# Off to the moselle



## sideways (Jun 2, 2008)

We are off to the Moselle next week via Luxenbourg, does anyone know a nice Aire just before leaving France to enter Luxenbourg please?


----------



## andyandsue (Sep 7, 2008)

*AIRES*

graveline has several, dont fil up with fuel till lux as its very cheap.


----------



## Mrplodd (Mar 4, 2008)

Snap! 

We are also off to the same area via the same route!! Leaving on an early ferry out of Dover Friday 14th also in an Autottrail  

Our plan is to overnight at Alzingen? Campsite just outside Luxembourg city. Nice site (especially using ASCI) its about 5-6 hrs drive from Calais, long drive but gets it over with quickly. Then its an easy drive to trier the next day.

I will keep an eye out for you, If you see a Cheyenne with cherished no. Plate being driven by a bloke with a beard be sure to wave :wink: 

(Please use ALL of your fingers though)

(have you tried "All The Aires" book?)


----------



## ThursdaysChild (Aug 2, 2008)

I don't know about " nice ", but the Aire at the fire station in Arlon, just on the Belgian/Lux border, is free and has water, drainage and mains electricity.
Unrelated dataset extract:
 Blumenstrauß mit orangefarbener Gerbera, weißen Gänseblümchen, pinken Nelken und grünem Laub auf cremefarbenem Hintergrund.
All tarmac. But only four spaces, so don't leave it too late.

Arlon is rather grubby in parts, which makes crossing the border into Luxembourg an even greater pleasure.
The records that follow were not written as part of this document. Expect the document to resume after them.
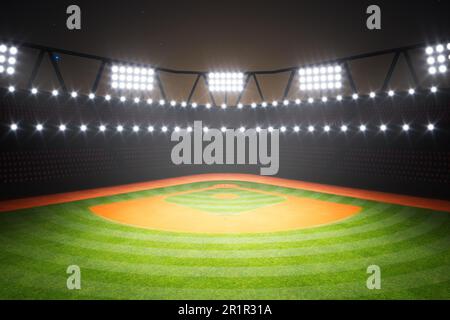 Empty baseball stadium during the night. Freshly cut grass radial pattern and orange dirt in the spotlight. Many lights illuminate the playing field r Stock Photo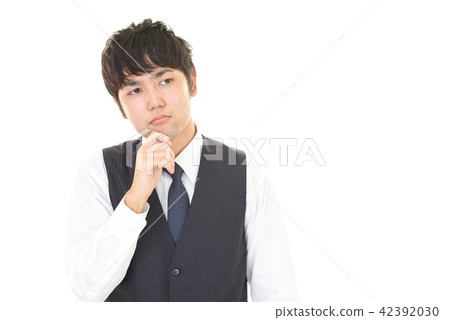 An agonizing businessman An agonizing businessman 42392030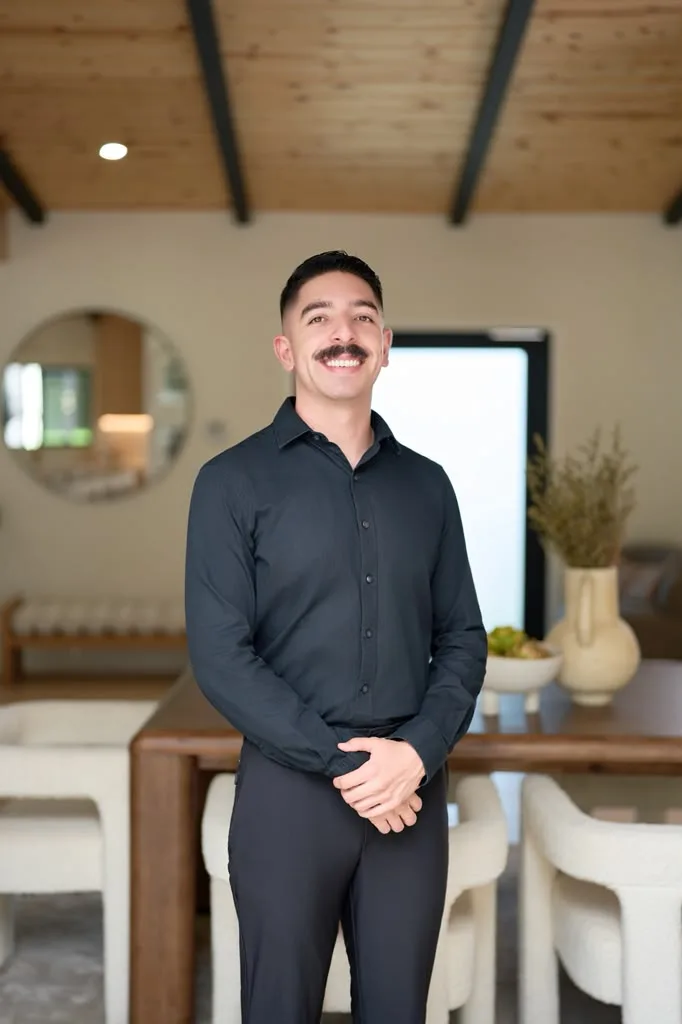 Portrait of Quinton Sanchez, San Diego real estate agent, in a black shirt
We always enjoy the Luxembourg banks of the Moselle - and overnighting never seems to be a problem.


----------



## sideways (Jun 2, 2008)

We are going Monday evening, sorry should have made it clear not going via Belgium going down via Nantes and that way.


----------



## ThursdaysChild (Aug 2, 2008)

No prob. May be useful on the way back or on a future trip.


----------



## ChrisandJohn (Feb 3, 2008)

sideways said:


> We are going Monday evening, sorry should have made it clear not going via Belgium going down via Nantes and that way.
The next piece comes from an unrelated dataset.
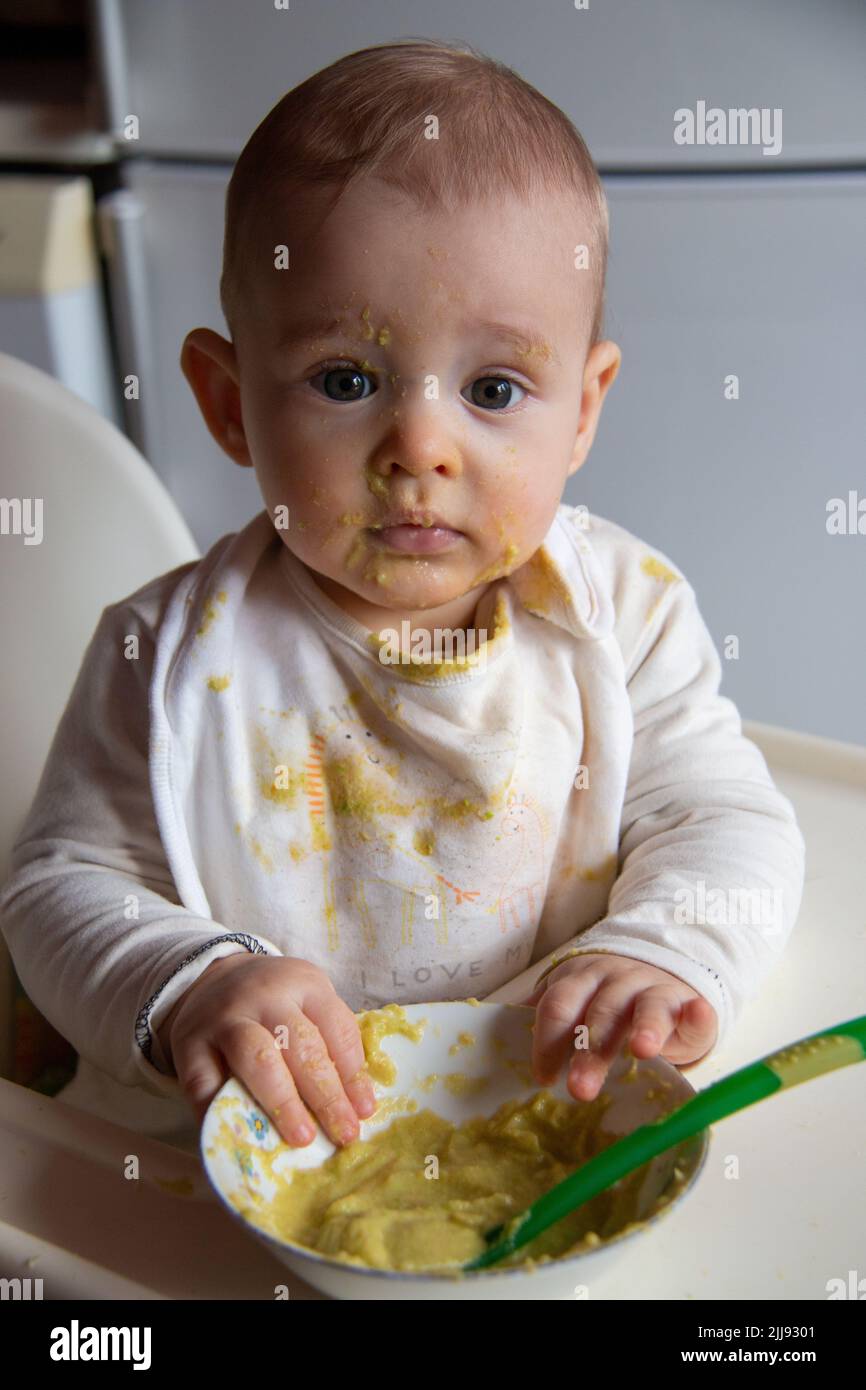 Messy and dirty baby eating food with hands and spoon on high chair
Via Nantes? Do you mean Nancy?

There is an aire in Metz outside the municipal campsite. We stayed there in April, and it's not far from the border.

Chris


----------



## Stanner (Aug 17, 2006)

ThursdaysChild said:


> I don't know about " nice ", but the Aire at the fire station in Arlon, just on the Belgian/Lux border, is free and has water, drainage and mains electricity. All tarmac. But only four spaces, so don't leave it too late.
> 
> Arlon is rather grubby in parts, which makes crossing the border into Luxembourg an even greater pleasure.
> 
> We always enjoy the Luxembourg banks of the Moselle - and overnighting never seems to be a problem.


5 spaces. :wink:

http://goo.gl/maps/JUMoz

And why enter Luxembourg from France? use the Belgian motorways (not as bad as many think) and turn off at Arlon to overnight.

Then take the "N" road straight into Luxembourg at Steinfort, the first filling station you get to is a Shell. 
Then if you indulge in the weed drive a few miles further on to Route 66 tabac at Windhof 
http://www.route66-tobacco-lux.com/

One of the few places you can get virtually all UK brands like B&H L&B as most of the big service area tabacs only sell US and Continental brands. Ciggies (L&B Silver/Gold) there are about 40€/200 but in Belgium Silver are 50€/200 - L&B Gold is unobtainable on the Belgian market.


----------



## Mrplodd (Mar 4, 2008)

Be aware however that many Belgian fuel stations on the motorway ONLY accept Belgian cards (credit or debit) for fuel purchase. (at least that was the case about 18 months ago)


----------



## Stanner (Aug 17, 2006)

Mrplodd said:


> Be aware however that many Belgian fuel stations on the motorway ONLY accept Belgian cards (credit or debit) for fuel purchase. (at least that was the case about 18 months ago)


No longer the case in June.

PS wait until Luxembourg, they take anything there so long as it's other country's money. :wink:


----------



## McGeemobile (Jun 10, 2010)

We've stayed at Metz. There's also a lovely aire at Charleville Meziers if you are going that way.


----------